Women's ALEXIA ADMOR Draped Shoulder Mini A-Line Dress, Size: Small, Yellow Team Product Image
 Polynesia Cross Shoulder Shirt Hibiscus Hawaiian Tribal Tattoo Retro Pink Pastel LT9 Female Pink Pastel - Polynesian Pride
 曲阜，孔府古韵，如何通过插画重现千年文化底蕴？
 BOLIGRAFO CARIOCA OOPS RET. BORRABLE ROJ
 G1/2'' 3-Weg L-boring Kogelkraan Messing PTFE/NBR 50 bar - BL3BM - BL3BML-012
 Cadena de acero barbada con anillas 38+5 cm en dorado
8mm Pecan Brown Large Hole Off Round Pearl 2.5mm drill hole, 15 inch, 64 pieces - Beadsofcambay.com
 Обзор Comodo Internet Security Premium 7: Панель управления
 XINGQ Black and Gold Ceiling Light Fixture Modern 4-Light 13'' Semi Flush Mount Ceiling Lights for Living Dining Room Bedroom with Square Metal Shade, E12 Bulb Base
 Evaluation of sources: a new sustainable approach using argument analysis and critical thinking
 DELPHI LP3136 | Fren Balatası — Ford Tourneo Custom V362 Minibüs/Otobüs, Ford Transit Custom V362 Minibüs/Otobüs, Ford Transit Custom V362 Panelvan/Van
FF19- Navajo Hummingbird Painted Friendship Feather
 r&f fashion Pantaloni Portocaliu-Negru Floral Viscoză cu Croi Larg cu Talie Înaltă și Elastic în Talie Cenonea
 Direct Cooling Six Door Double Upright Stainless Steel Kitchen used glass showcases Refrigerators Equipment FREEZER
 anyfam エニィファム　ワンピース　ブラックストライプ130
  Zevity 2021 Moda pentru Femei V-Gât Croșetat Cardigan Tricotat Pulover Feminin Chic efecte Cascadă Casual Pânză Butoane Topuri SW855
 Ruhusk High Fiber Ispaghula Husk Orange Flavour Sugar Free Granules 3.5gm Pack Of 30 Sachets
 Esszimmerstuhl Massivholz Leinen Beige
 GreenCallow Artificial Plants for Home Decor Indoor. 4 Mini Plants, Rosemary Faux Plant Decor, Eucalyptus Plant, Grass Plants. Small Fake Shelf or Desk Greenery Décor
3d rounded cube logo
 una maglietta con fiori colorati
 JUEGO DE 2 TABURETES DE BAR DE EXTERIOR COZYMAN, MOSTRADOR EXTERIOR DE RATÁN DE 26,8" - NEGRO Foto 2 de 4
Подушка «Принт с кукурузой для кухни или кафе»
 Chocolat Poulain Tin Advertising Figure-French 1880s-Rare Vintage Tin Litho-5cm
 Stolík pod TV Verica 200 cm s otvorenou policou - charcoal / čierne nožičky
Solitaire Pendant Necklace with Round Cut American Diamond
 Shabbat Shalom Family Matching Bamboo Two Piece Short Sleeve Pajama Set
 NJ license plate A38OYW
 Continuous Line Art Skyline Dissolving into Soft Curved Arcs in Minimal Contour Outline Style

========

_Task item_
In the listing above, start at the line with "曲阜，孔府古韵，如何通过插画重现千年文化底蕴？", go on through the line with "XINGQ Black and", and copy each of those lines exactly; leave out all the rest.

_Result below_
 曲阜，孔府古韵，如何通过插画重现千年文化底蕴？
 BOLIGRAFO CARIOCA OOPS RET. BORRABLE ROJ
 G1/2'' 3-Weg L-boring Kogelkraan Messing PTFE/NBR 50 bar - BL3BM - BL3BML-012
 Cadena de acero barbada con anillas 38+5 cm en dorado
8mm Pecan Brown Large Hole Off Round Pearl 2.5mm drill hole, 15 inch, 64 pieces - Beadsofcambay.com
 Обзор Comodo Internet Security Premium 7: Панель управления
 XINGQ Black and Gold Ceiling Light Fixture Modern 4-Light 13'' Semi Flush Mount Ceiling Lights for Living Dining Room Bedroom with Square Metal Shade, E12 Bulb Base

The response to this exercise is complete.